The Myth of Kin

22 06 2009

 

 

Frances J MelhopAn icy glittering winter solstice here, frost bitter on the grass and shrivelling the last roses, my old Crepuscule with its apricot blossoms. This past weekend I painted in the light-filled studio with my gnomic art teacher, aged 77, hovering and clucking under her breath at my imperfect brushwork. Skilled brushwork is like the Zen of breathing, letting the line flow as the brush wishes.

And this morning I woke chilled and bilious from eating unripe tree tomatoes, purply-red tomatillos, to discover I have become a great-aunt to tiny puce-faced Noah in the Antipodes. My youngest sister a grandmother, going through the water  birth with her daughter, the niece I have never known, the last to be born in Africa.

Once I would have sighed and shrugged off the pssibility that I might ever get to know any of my sister’s children. I know nothing of my alcoholic brother’s children on a Pacific island. My family are scattered and incomunicative for too many reasons to discuss. But as I myself enter the crone years (a great-aunt!) I become more receptive and open to possibilities of true blossoming kinship.

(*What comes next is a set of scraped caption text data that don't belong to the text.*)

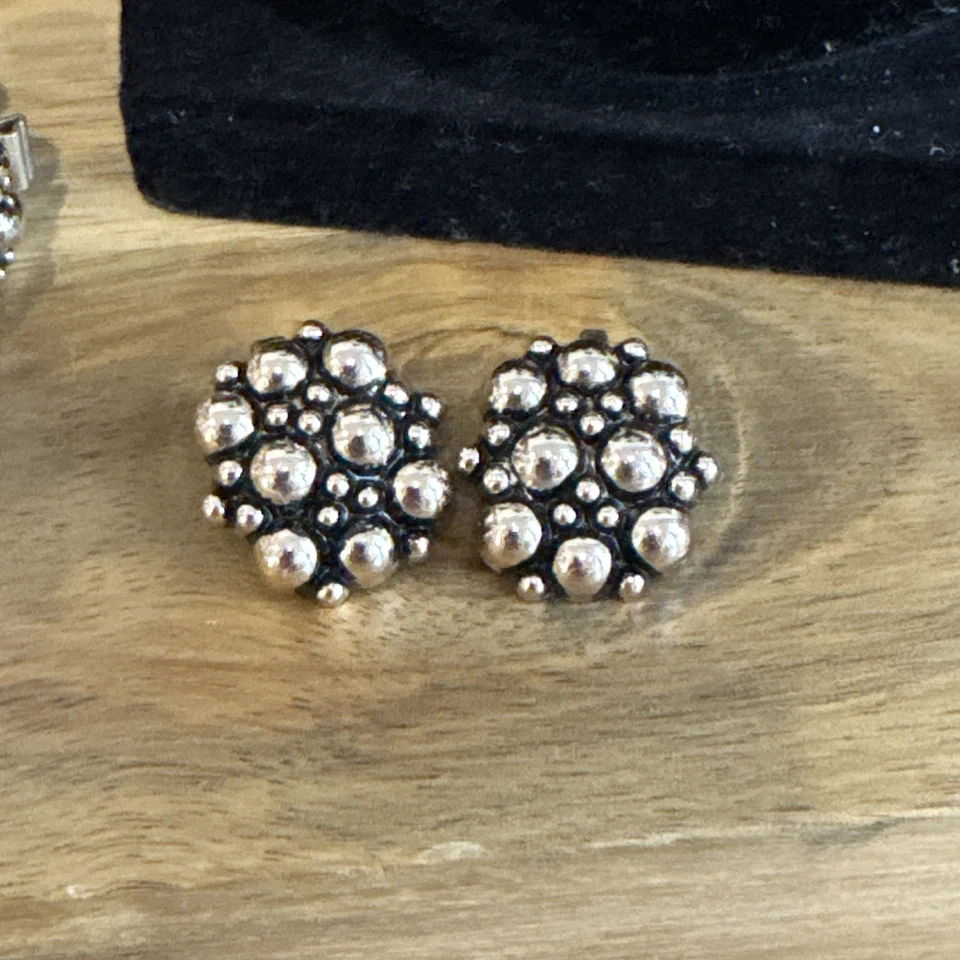 Joyería de aluminio vintage patrón U Schloss - Pulsera collar + clip en pendientes Foto 3 de 4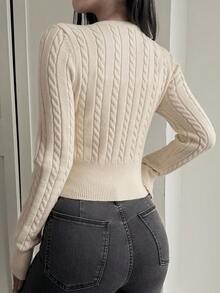 DAZY Women's Fitted Waist Cable Knit Cropped Cardigan - Apricot - View 3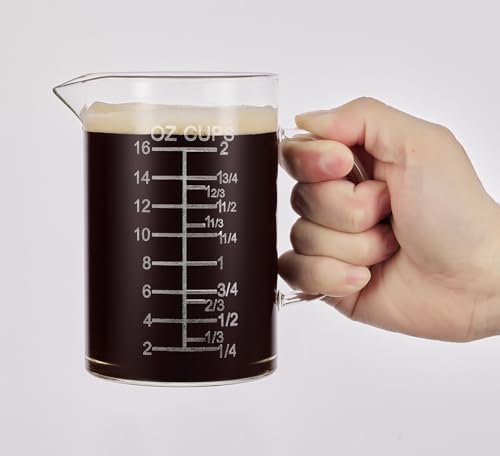 Ackers BORO3.3 Etched Glass Measuring Cup with Handle, 500 ml, 2 Cup - size: 500 ML (16 Oz, 2 Cup) - Etched Graduated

Kinship is a myth, and I am learning  with more and more intent and intuition to live by myth. So I shall send blessings and poems to this new child who may one day return to the Dark Continent Filled with Light. I know in my bones that my sister and brother yearn and hunger and thirst for the places of their childhood. The river gorges and savannah plains and msasa trees, the swooping fish eagle and samango monkeys, the smell of peppery dust and dried fish and mangos. Our pagan senses hold memory like a charm.

The year at its turning. My former lover in Wales climbed a hill to see the solstice dawn, with not a conscious flicker of reverence or mystic intuition. Never mind: the sweet man, the flowering rod, the disgruntled old curmudgeon, will make a Green Man yet. As a wise and witchy great-aunt, I hold the small tarnished  keys to faery and that is a place, a landscape, that defies borders and the crushing tedium of reality, the philistine hour. My occult vegetal love remains forever green and unconquerable, the secret dreaming world hidden under the hill. Magick is finally all about plasticity and the outpouring of narratuve, the nurturing of creativity and that dark-bright visionary within each of us.

So as I paint at the easel set up on my verandah, I introduce hyena sorcerers and baobab  giants and yellow-eyed African crocodiles into my cloudy landscape, dreaming up a playground for Noah, the little boy opening his eyes a day after solstice in the dazzling sun-rinsed light of the Antipodes.